Debugging

Before we write much more code, we will want to have some debugging tools in our belt for when things go wrong.

Building with Debug Symbols

⚡ When debugging, always make sure you are building with debug symbols!

If you don't have debug symbols enabled, then the "name" section won't be present in the compiled .wasm binary, and stack traces will have function names like wasm[42] rather than wasm_game_of_life::Universe::live_neighbor_count.

When using a "debug" build (aka npm run build-debug) debug symbols are enabled by default.

With a "release" build, debug symbols are not enabled by default. To enable debug symbols, ensure that you debug = true in the [profile.release] section of your Cargo.toml:

[profile.release]
debug = true

The project template we've been working with adds this to Cargo.toml by default, for convenience.

Logging

Logging is one of the most effective tools we have for proving and disproving hypotheses about why our programs are buggy. On the Web, the console.log function is the way to log messages to the browser's developer tools console. We can use wasm_bindgen to import a reference to it, like this:


# #![allow(unused_variables)]
#fn main() {
#[wasm_bindgen]
extern {
    #[wasm_bindgen(js_namespace = console)]
    fn log(msg: &str);
}

// A macro to provide `println!(..)`-style syntax for `console.log` logging.
macro_rules! log {
    ($($t:tt)*) => (log(&format!($($t)*)))
}
#}

Then, we can start logging messages to the console by inserting calls to log in Rust code. For example, to log each cell's state, live neighbors count, and next state, we could modify our code like this:

diff --git a/src/lib.rs b/src/lib.rs
index f757641..a30e107 100755
--- a/src/lib.rs
+++ b/src/lib.rs
@@ -63,6 +63,11 @@ impl Universe {
                 let cell = self.cells[idx];
                 let live_neighbors = self.live_neighbor_count(row, col);

+                log!(
+                    "cell[{}, {}] is initially {:?} and has {} live neighbors",
+                    row, col, cell, live_neighbors
+                );
+
                 let next_cell = match (cell, live_neighbors) {
                     // Rule 1: Any live cell with fewer than two live neighbours
                     // dies, as if caused by underpopulation.
@@ -80,6 +85,8 @@ impl Universe {
                     (otherwise, _) => otherwise,
                 };

+                log!("    it becomes {:?}", next_cell);
+
                 next[idx] = next_cell;
             }
         }

Alternatively, the console.error function has the same interface as console.log, but developer tools tend to also capture and display a stack trace alongside the logged message when console.error is used.

References

Logging Panics

The console_error_panic_hook crate logs unexpected panics to the developer console via console.error. Rather than getting cryptic, difficult-to-debug RuntimeError: unreachable executed error messages, this gives you Rust's formatted panic message.

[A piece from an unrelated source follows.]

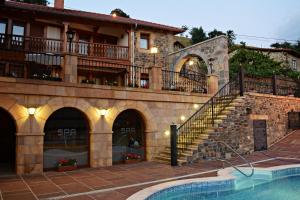 een gebouw met een zwembad en een huis bij Posada Valle del Oso in Lerones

All you need to do is install the hook in an initialization function or common code path:


# #![allow(unused_variables)]
#fn main() {
extern crate console_error_panic_hook;

// Expose an `init` function to be called by JS after instantiating the wasm
// module which installs the `console.error` panic hook.
#[wasm_bindgen]
pub fn init() {
    use std::panic;
    panic::set_hook(Box::new(console_error_panic_hook::hook));
}

// OR

// Ensure the the panic hook is set on some common code path. Under the hood,
// this makes sure that it is only installed once.
console_error_panic_hook::set_once();
#}

Using a Debugger

Unfortunately, the debugging story for WebAssembly is still immature. On most Unix systems, DWARF is used to encode the information that a debugger needs to provide source-level inspection of a running program. There is an alternative format that encodes similar information on Windows. Currently, there is no equivalent for WebAssembly. Therefore, debuggers currently provide limited utility, and we end up stepping through raw WebAssembly instructions emitted by the compiler, rather than the Rust source text we authored.

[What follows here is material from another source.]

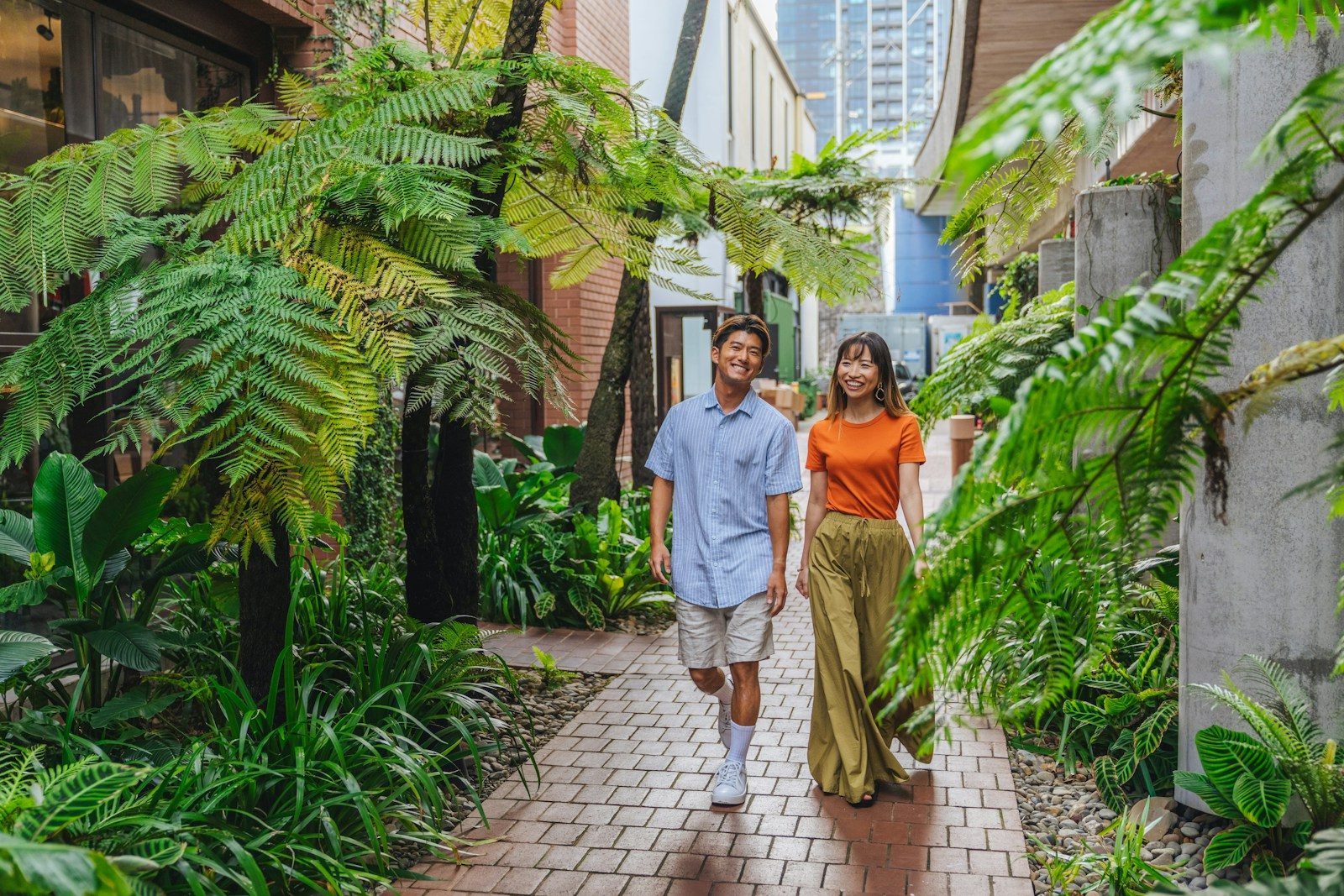 A man and a woman walking along a brick path in a lush garden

Nonetheless, debuggers are still useful for inspecting the JavaScript that interacts with our WebAssembly. For example, we can use the debugger to pause on each iteration of our renderLoop function. This provides us with a convenient checkpoint for inspecting logged messages, and comparing the currently rendered frame to the previous one.

Screenshot of debugging the Game of Life

References

Avoid the Need to Debug WebAssembly in the First Place

While some bugs are specific to interfaceing JavaScript and WebAssembly, experience says that most are not. Try to reproduce bugs as normal Rust #[test] functions, where you can leverage your OS's mature native tooling when debugging. Use testing crates like quickcheck to exercise the interface you expose to JavaScript. Ultimately, you will have an easier time finding and fixing bugs if you can isolate them in a smaller test cases that don't require interacting with JavaScript.

Note that in order to run the #[test]s without compiler and linker errors, you will need to comment out the #![wasm_bindgen] annotations and crate-type = "cdylib" bits.

Exercises

  • Add logging to the tick function that records the row and column of each cell that transitioned states from live to dead or vice versa.

  • Introduce a panic!() in the Universe::new method. Inspect the panic's backtrace in your Web browser's JavaScript debugger. Disable debug symbols, rebuild, and inspect the stack trace again. Not as useful, is it?

  • Checkout the chapter-one-with-bug branch. Rebuild and reload the Web page. It should now be obvious that this branch's implementation contains a bug, and every cell is apparently alive. This is a Real World(tm) bug that your author made when initially creating the example code. Find the bug and fix it. Don't look at the commit history! That's cheating ;-)